## Given records:
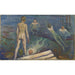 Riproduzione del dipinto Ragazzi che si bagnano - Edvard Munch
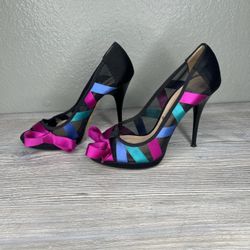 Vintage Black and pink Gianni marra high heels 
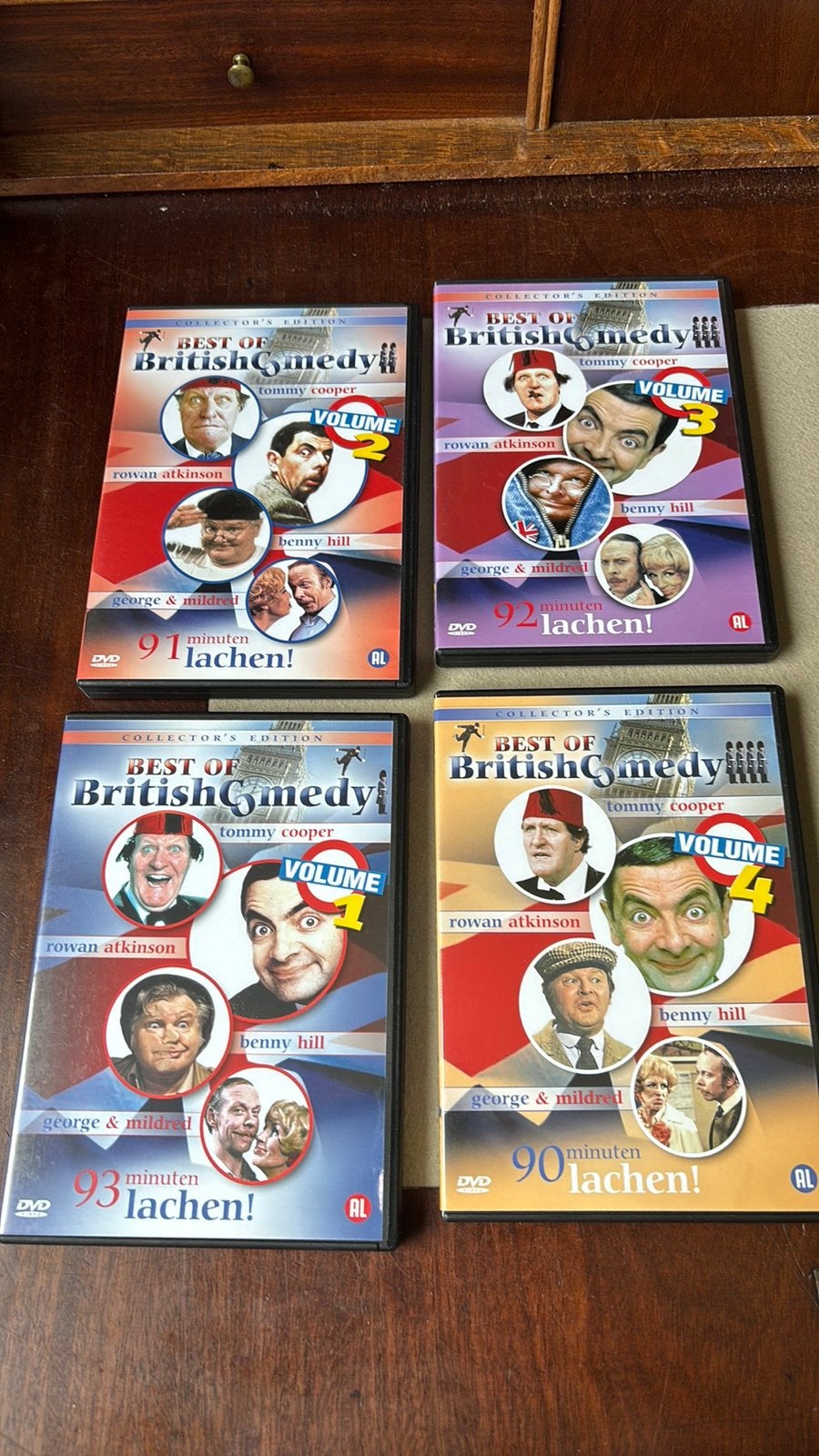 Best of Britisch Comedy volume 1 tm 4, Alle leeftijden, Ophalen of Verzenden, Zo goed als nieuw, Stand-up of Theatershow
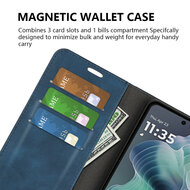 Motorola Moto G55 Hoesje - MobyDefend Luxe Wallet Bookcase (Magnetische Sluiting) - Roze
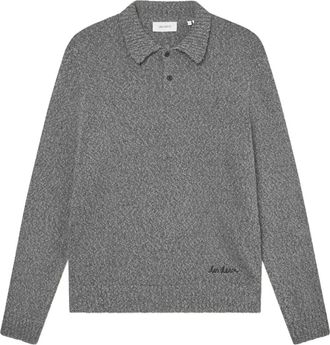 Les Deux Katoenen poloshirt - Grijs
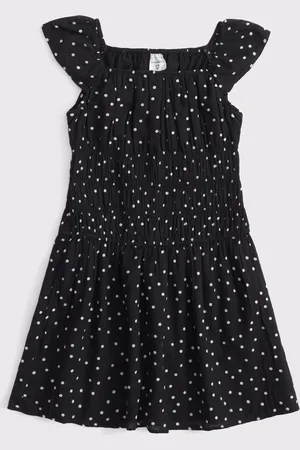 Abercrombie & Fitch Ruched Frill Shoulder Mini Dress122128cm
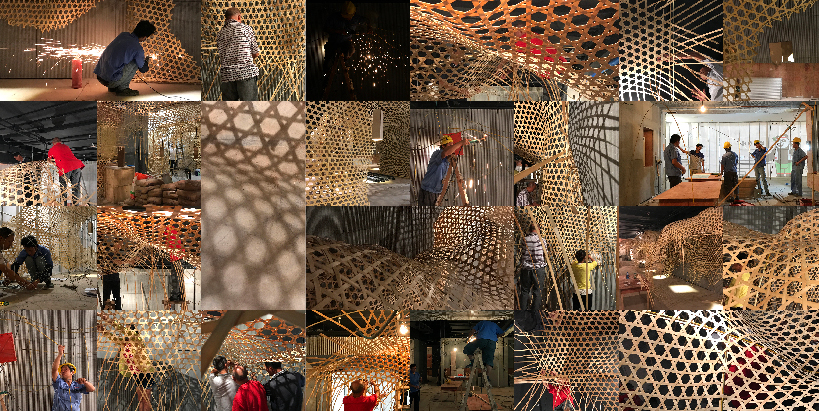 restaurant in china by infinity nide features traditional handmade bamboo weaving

* * *

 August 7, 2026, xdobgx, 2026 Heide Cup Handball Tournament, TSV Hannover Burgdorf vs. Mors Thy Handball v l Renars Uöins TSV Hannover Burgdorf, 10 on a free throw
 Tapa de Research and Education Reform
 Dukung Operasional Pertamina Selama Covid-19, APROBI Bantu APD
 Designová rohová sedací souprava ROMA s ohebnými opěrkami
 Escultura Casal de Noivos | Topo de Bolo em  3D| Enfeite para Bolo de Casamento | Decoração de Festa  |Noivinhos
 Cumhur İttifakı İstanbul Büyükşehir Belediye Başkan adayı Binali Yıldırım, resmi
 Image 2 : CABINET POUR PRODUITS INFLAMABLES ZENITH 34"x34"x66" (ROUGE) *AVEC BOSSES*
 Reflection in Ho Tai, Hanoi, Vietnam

---

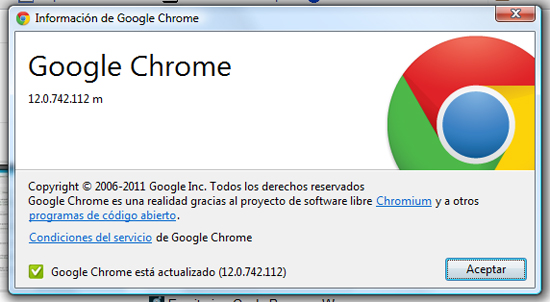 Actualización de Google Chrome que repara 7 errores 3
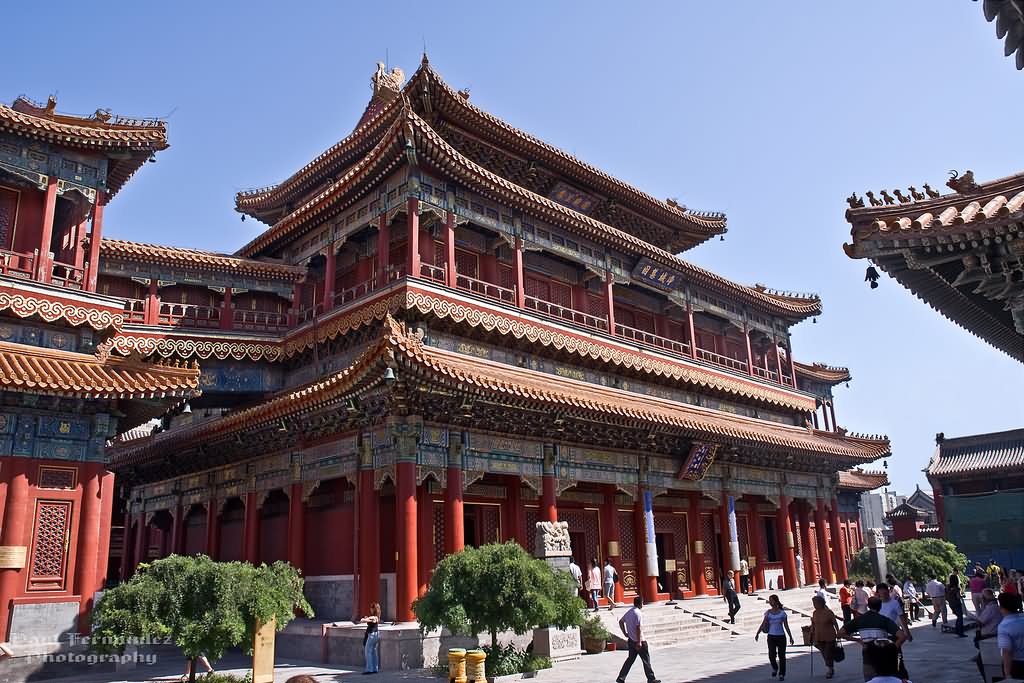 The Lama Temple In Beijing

## About this task:
Working from the material above, retype exactly the lines from the one with "Designová rohová sedací" through the one with "Cumhur İttifakı İstanbul", both included, and only those lines.

## Result of this task:
 Designová rohová sedací souprava ROMA s ohebnými opěrkami
 Escultura Casal de Noivos | Topo de Bolo em  3D| Enfeite para Bolo de Casamento | Decoração de Festa  |Noivinhos
 Cumhur İttifakı İstanbul Büyükşehir Belediye Başkan adayı Binali Yıldırım, resmi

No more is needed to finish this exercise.